# partition substrate: what to use?



## jarthel (26 Dec 2009)

I came across threads that talk about the subject but I'm not really sure what is the item.

clear acrylic is 1thing I know but  what I've seen are quite thick and would not bend at all.

people have mentioned rainstrip and other items. maybe you can give links to a photo of the product (or link to the product info) so I can look at the local hardware/gardening shop?

thank you


----------



## samc (26 Dec 2009)

i use the same sheets they use for overhead projectors. the stuff i used in my pico.

this stuff it really good for smaller tanks although for a bigger tank than nano i would use something more substantial like the garden edging saintly uses. 













he use smilar stuff to this. or did. but anything similar will be fine. you would want to leave it about 5mm above the substrate as shrimp tend to mix it up. although most people cover the line in moss or riccia stones aswell


----------



## jarthel (26 Dec 2009)

thank you.

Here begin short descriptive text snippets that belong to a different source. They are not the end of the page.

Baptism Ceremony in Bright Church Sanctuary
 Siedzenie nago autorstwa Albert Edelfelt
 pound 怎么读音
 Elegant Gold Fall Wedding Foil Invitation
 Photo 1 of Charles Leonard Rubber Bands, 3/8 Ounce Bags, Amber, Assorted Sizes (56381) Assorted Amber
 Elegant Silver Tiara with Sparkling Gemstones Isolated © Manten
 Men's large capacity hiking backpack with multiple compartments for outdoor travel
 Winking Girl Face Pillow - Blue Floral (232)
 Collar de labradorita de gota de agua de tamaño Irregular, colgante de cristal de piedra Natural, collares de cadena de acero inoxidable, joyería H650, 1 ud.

I've seen something similar to lawn edging here. but I believe it's called something else.

I'll check it out. 

------------

fyi:  I'm mostly concern with runner plants as my foreground would be slow growing marsilea hirsuta (a native to australia).


----------



## NatureBoy (3 Jan 2010)

I'm keen to experiment with clay in an aquascape, to create a riverbank type terrace... most rivers and streams have a fair amount of clay and I want to see if it can be used to enhance a scape.  Anyone tried it?


----------